Regular Yoga can ensure healthy pregnancy: Maneka Gandhi

Even as the world celebrates the fourth International Yoga Day,   Maneka Sanjay Gandhi, Union Minister for Women and Child Development, had a special message exclusively for pregnant women.  “Regular yoga can ensure a healthy pregnancy,” said the Minister.

According to the minister, being physically fit and emotionally strong directly affects the baby’s physical, neurological and psychological development. There is usually a misconception related to pregnant women indulging in physical activities but the minister enlightened the women of the country by saying that practising prenatal yoga during pregnancy gives women the ability to stay calm and eases most physical problems during these nine months.

Giving useful tips she emphasises that Pranayama has been found to have exceptional benefits during pregnancy. It must be incorporated in the daily regime all through the three trimesters as it helps release negative emotions. Two most useful forms of pranayama or breathing exercises are: ujjayi, a long, strong, deep breath that helps women redirect their concentration to the present moment and maintain calm; and nadi shodhana. The postures and exercises differ for each of the three trimesters of pregnancy.

The first trimester (0 to 13 weeks) brings nausea and fatigue. Severe biological and musculoskeletal alterations take place in the body. Yoga experts advise that one must be extremely cautious while practising yoga in this trimester as a wrong posture can obstruct the implantation of the foetus and placenta.

The following asanas are ideal for this trimester:

  • Marjariasana (cat stretch): Stretches the neck and shoulders, lessening body stiffness and keeps the spine flexible because the back has to support more body weight as the pregnancy advances.
  • Konasana (standing sideways bending the arm): Keeps the spine flexible and helps alleviate constipation, a common symptom of pregnancy.
  • Badhakonasana (butterfly pose): Improves flexibility in the hip and groin region, stretches the thighs and knees, relieving pain, alleviates fatigue and helps facilitate smooth delivery when practised until late pregnancy.
  • Yoga nidra (yogic sleep): Reduces tension and anxiety, helps regulate blood pressure and relaxes every cell in the body.

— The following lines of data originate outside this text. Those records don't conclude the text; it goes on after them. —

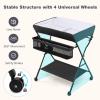 imageINFANS Baby Changing Table with Wheels Portable Folding Diaper Station Nursery Organizer with Storage Basket Hanging Rack Adjustable Height Safety Belt for Newborn Infant GrayBlack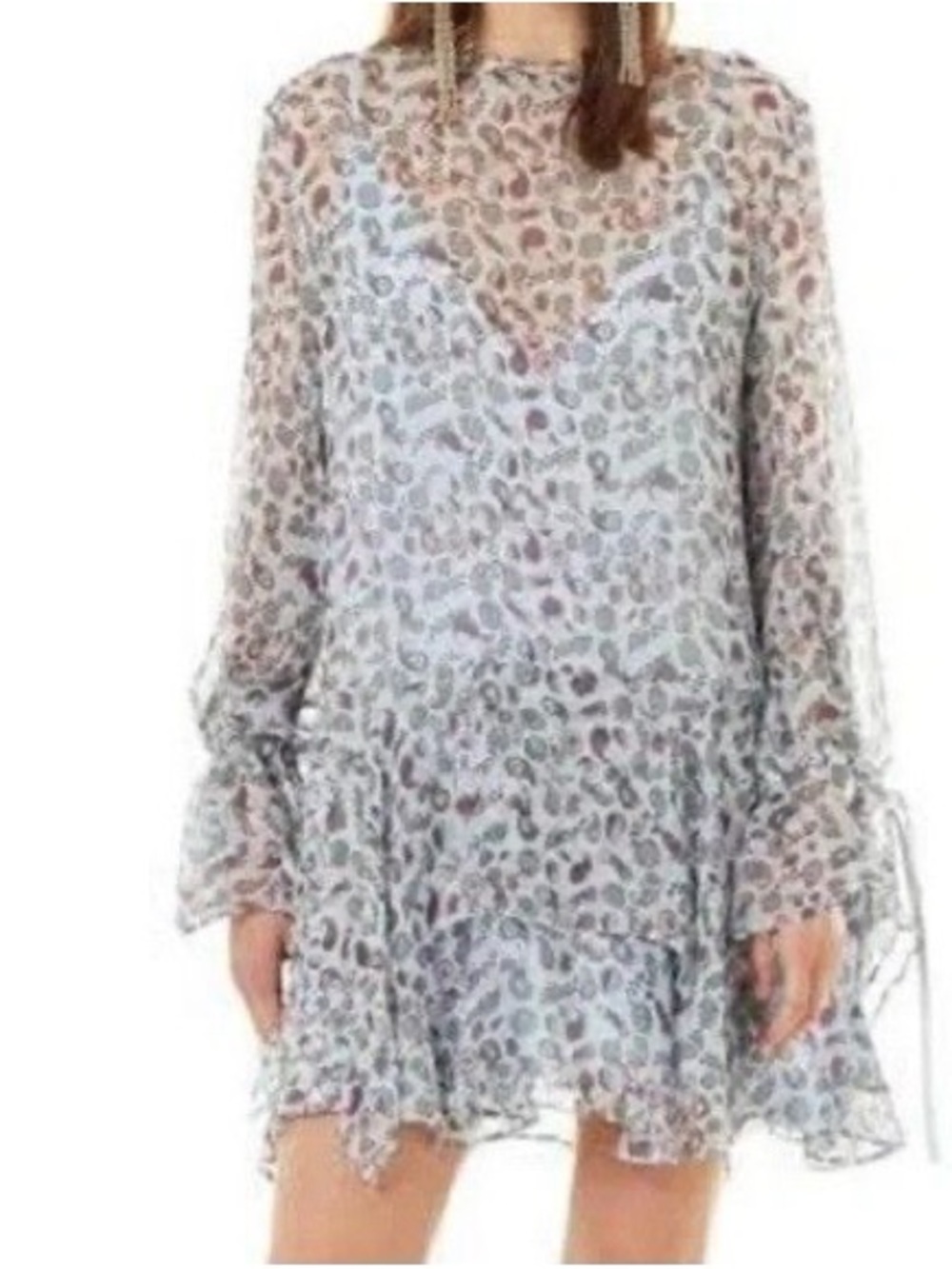 Stevie May Silver Gray Leopard Print Ruffle Hem Long Sleeve Dress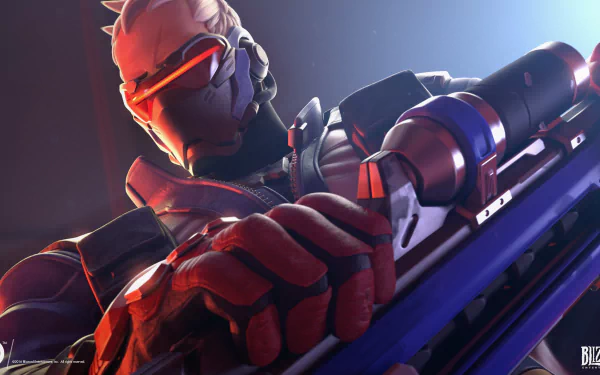 High-definition wallpaper featuring Soldier: 76 from the video game Overwatch, showcasing the character in a dynamic pose with a focus on his weapon and tactical gear.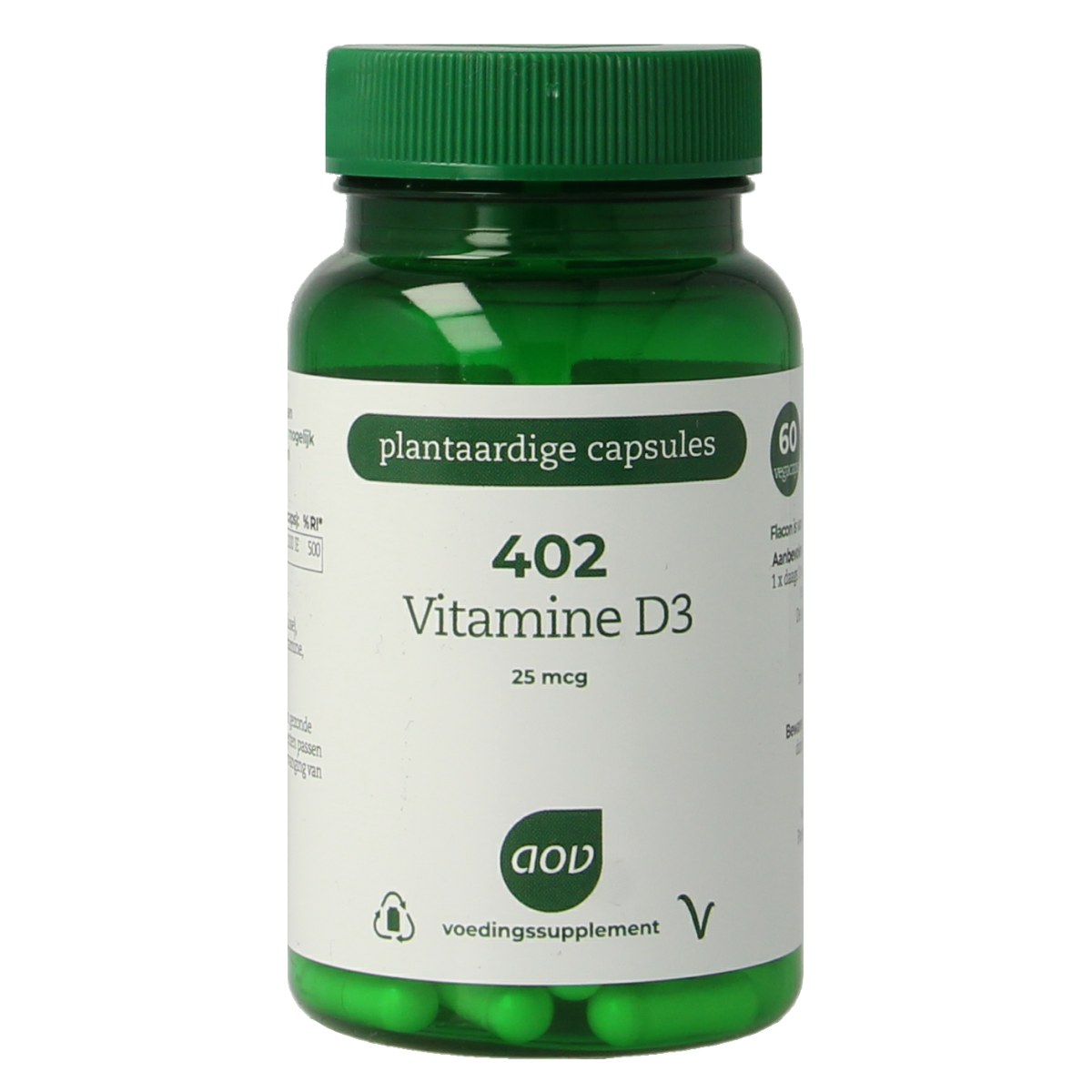 AOV Vitamine D3 25mcg vegetarian capsules, 60 count, showing the supplement bottle with capsules inside.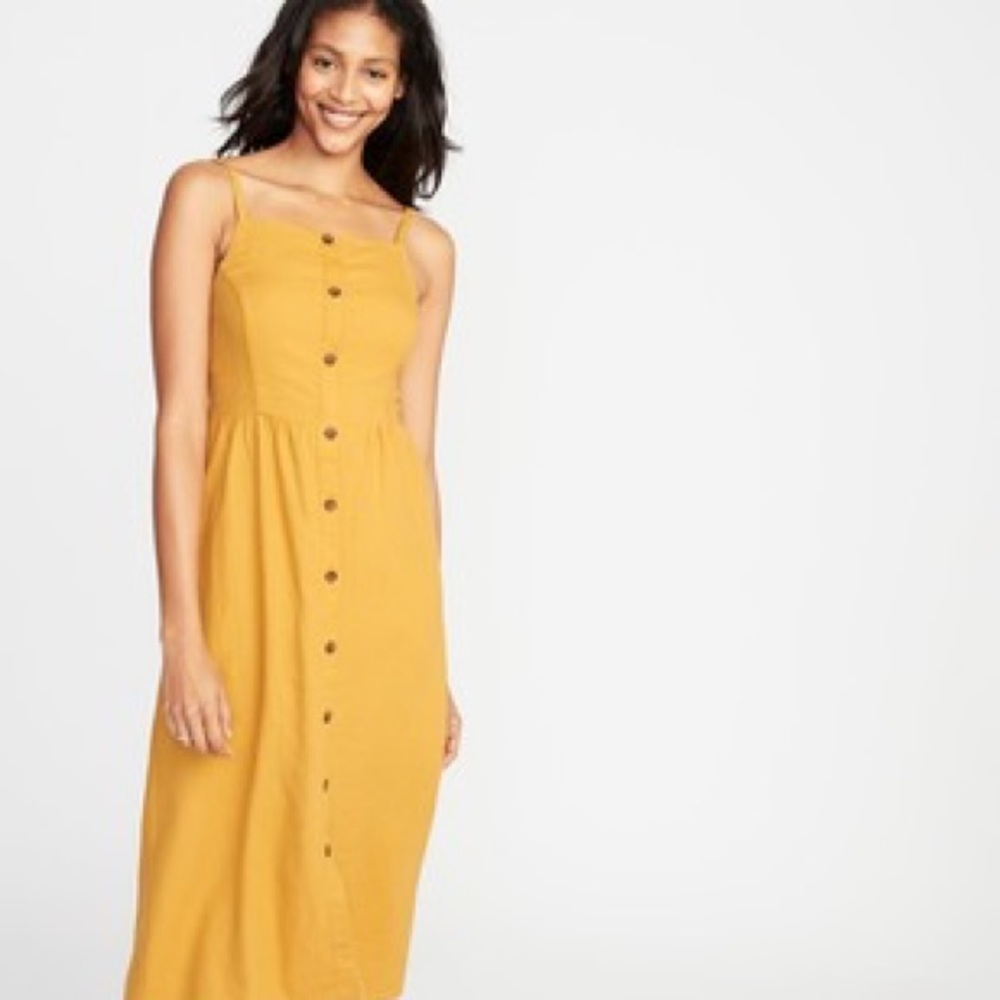 Old Navy mustard yellow jumper dress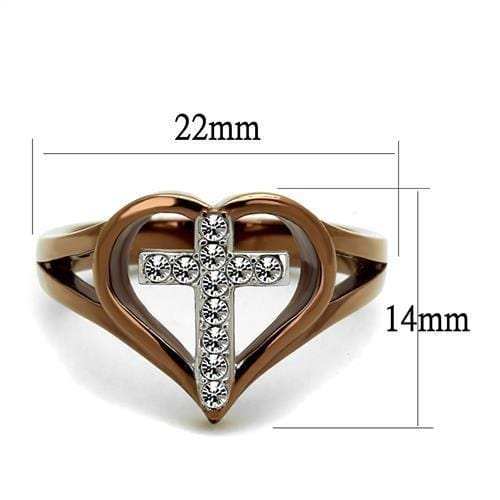 TK2802 - Two Tone IP Light Brown (IP Light coffee) Stainless Steel Ring with Top Grade Crystal in Clear - Alamode - Flyclothing LLC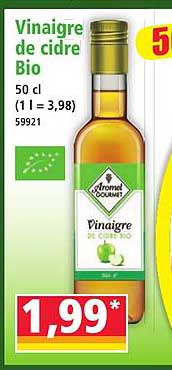 Vinaigre de cidre Bio 50 cl (1 l = 3,98)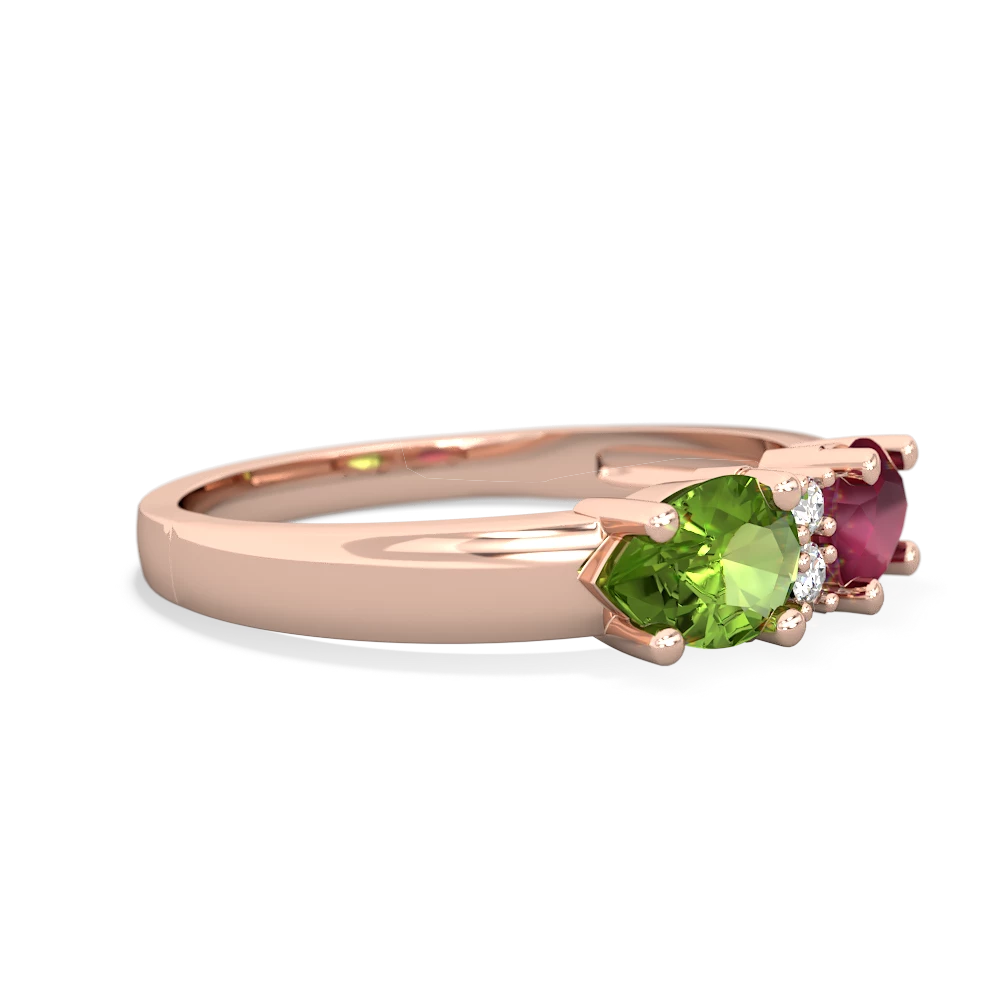 Ruby Pear Bowtie 14K Rose Gold ring R0865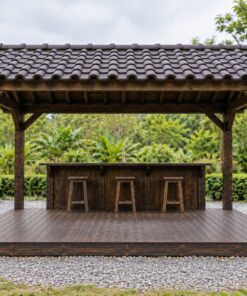 Chòi Gỗ Sân Vườn T103 - Chữ Nhật Quầy Bar Gỗ Dọc Một Bên, Gỗ Thông Màu Gỗ Cháy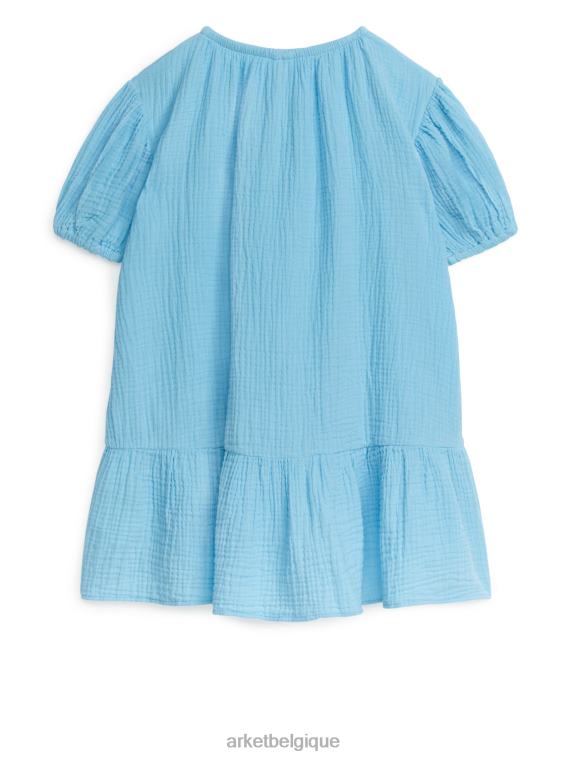 ARKET robe en mousseline de coton enfants bleu clair T46DR1379 vêtements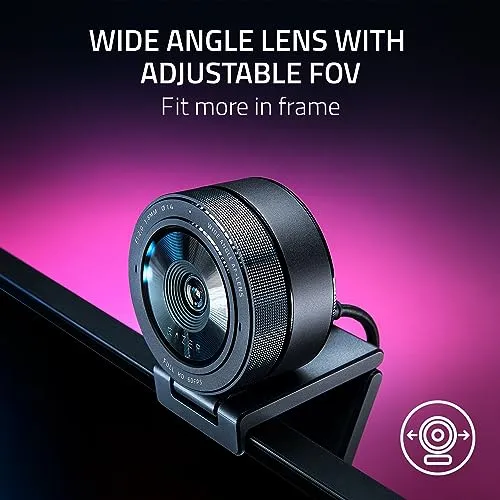 Razer Kiyo Pro Streaming Webcam: Full HD 1080p 60FPS - Adaptive Light Sensor - HDR-Enabled - Wide-Angle Lens with Adjustable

During the second trimester (14 to 28 weeks), the volume of blood in the body expands 50-60% to support the foetus and placenta, the blood circulates faster, the rate of metabolism increases and heart rate rises. The body’s sugar gets used up faster and important reserves are used to support the placenta and foetus.

The following asanas are beneficial during this trimester:

  • Vajrasana (diamond pose) –Enhances digestion and can be done directly after meal. It also helps strengthen the pelvic muscles and assist women in labour too.
  • Kati chakrasana (spinal twist pose) – Relieves physical and mental tension and tones waist, hip and back.
  • Tadasana (mountain pose) – Helps stretch and loosen the entire spine and also helps in developing mental and physical balance.
  • Uthanasana (standing forward fold)– Strengthens muscles of uterus, thighs, back and ankles.

By the third trimester (29 to 40 weeks), the body has already undergone drastic physical and biological changes and also the movement of the baby is strong now. The protruding belly and additional weight are likely to challenge one’s balance. Simple balancing postures can make women feel lighter and more aligned. It is advisable to practise yoga with a prenatal teacher at this stage. If you ever feel uncomfortable doing any posture, stop.

Basic balancing postures like utthita trikonasana (extended triangle pose), utthita parsvakonasana (extended side angle pose), virabhadrasana (hero pose) and vriksasana (tree pose) are ideal for building strength in the legs, for proper alignment in the spine and for easing blood circulation.

According to a review of recent research studies, prenatal yoga drastically lowers the chances of pregnancy complications, stress levels and pain, and possibly even the risk of the baby being small for her gestational age.